Michigan began to report daily hospitalization data on April 12 and has seen steady improvement across the board. Statewide, the number of patients receiving inpatient care has dropped by 78 percent, the number of patients needing critical care is down by 74% and there has been an 82% drop in patients on respirators.
Those numbers are even more pronounced in Metro Detroit — the area hardest-hit by the disease. Inpatient care has dropped by 85%, critical-care patients are down 79% and the number on respirators is down 85%.
The state is also doing well in terms of hospital capacity. They are currently using 67% of ICU beds and a third of available respirators.
It has been difficult to get a day-to-day handle on the death toll in Michigan, due to their thrice-weekly adjustments for fatalities that were not originally classified as COVID-19 deaths. Those adjustments are made on Tuesdays, Thursdays, and Sundays, meaning the fairest comparisons use a seven-day running average. The state peaked at 145 on April 16, about two weeks after the case numbers peaked, and dropped steadily for the next month. On May 17, the seven-day average reached 49 and it has stayed in the high 40s for the last eight days.
Michigan’s testing numbers have jumped around since the backlogged tests were put into the system in mid-May and changed drastically again on Memorial Day weekend.
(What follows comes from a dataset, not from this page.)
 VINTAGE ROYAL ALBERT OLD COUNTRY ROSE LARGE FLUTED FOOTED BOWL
Like the CDC and several other states, Michigan had been including diagnostic tests and serologic tests in the same category in their data. That’s a significant mistake since the tests measure different things. The diagnostic tests are designed to show if you have COVID-19 at the time of the test, while the serology tests check to see if you’ve had the virus in the past. The former is used for people who are currently ill, while the latter is designed to find people who have already caught the virus and are therefore immune in the short term.
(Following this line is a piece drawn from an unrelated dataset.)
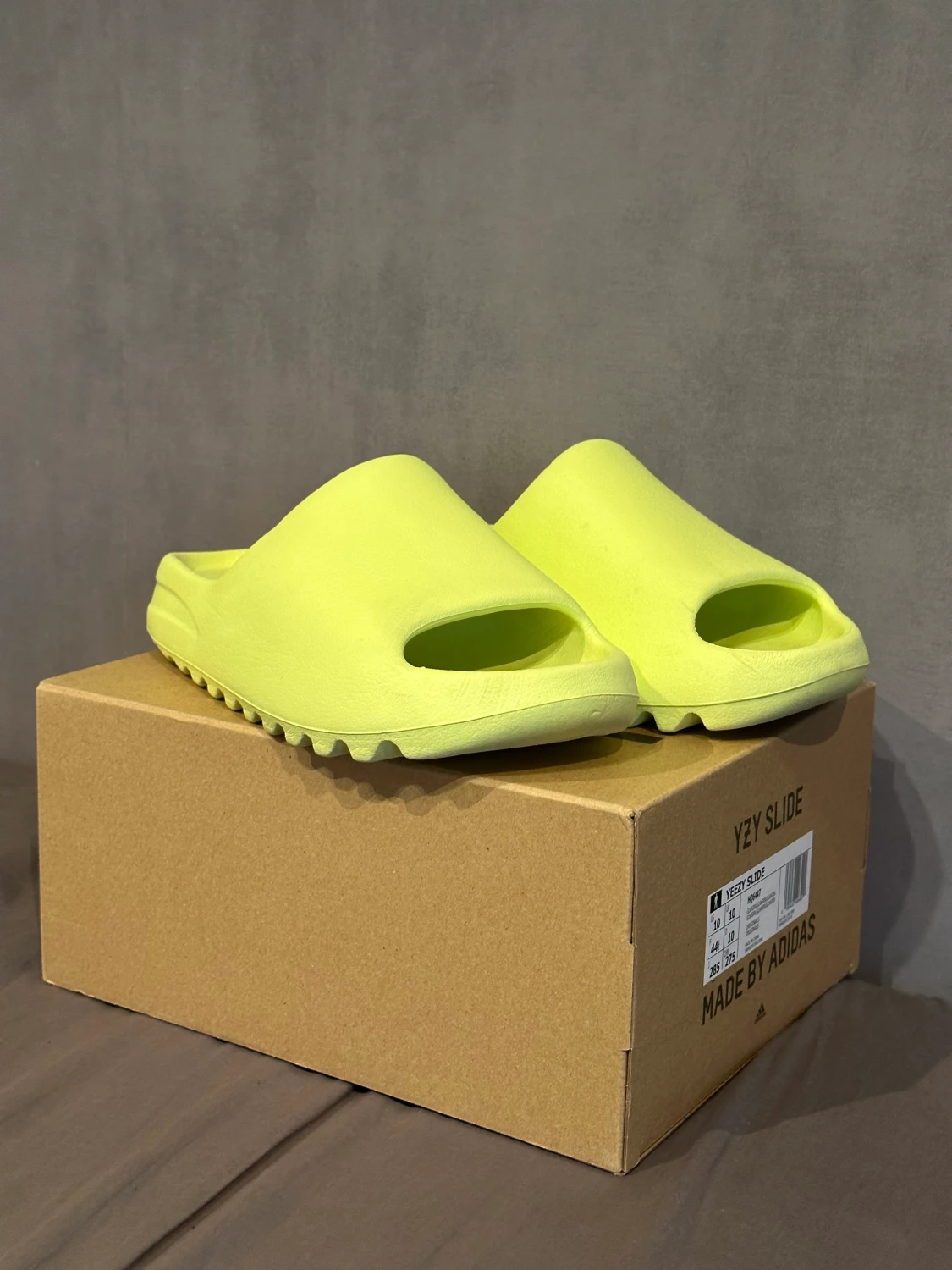 Yeezy slide Glow green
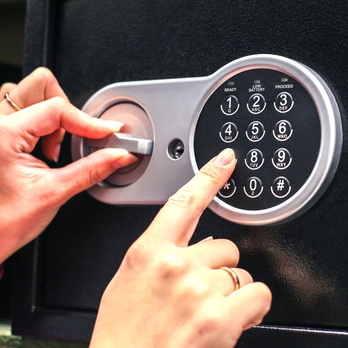 Digitální trezor SAFES černá 8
Since mid-May, Michigan has averaged just under 14,000 tests a day. A Harvard study recommends the state needs to do 15,400 tests a day to adequately track new outbreaks after moving to the next stage of their reopening plan. They reached that number on May 19, then did 18,657 tests on May 22.
Positive Test Rate
Whitmer’s plan doesn’t set a firm target for positive test results, but most scientists have said a state’s positive rate should be in single digits before reopening is allowed to proceed. The lack of a concrete guideline could make it difficult for states to decide if they are ready to move forward, but Michigan doesn’t have that issue. Their positive percentage has been single digits every day since April 30 and dropped under five percent on May 21 and 22.
Michigan is making progress across the board, but Whitmer was completely right to extend her stay-home order into June. The state’s case numbers are trending downward, but the numbers on the west side of the state are still a concern. To this point, that outbreak has not caused the region’s death numbers to spike, but positive tests were over 10 percent on both May 21 and 22 — the last two days of data.
There has also been a plateau in the daily number of deaths, with the 7-day average staying in the high 40s for more than a week. There were only five deaths reported on Sunday, but numbers are consistently low on holiday weekends. Wednesday will be an important test since it will have the deaths there were not reported over the three-day weekend.
The unfortunate mixing of diagnostic and serological tests meant the state has been slightly below the target of 15,400 diagnostic tests per day instead of well above it. That should be a simple fix, though, and it is good to know the state has already identified more than 7,000 people who should be able to return to work without risk.
All in all, the state has made outstanding progress, considering how close the health-care system came to collapsing in early April. However, Governor Whitmer’s caution — while abnormal in the current climate — is what Michigan needs as summer begins.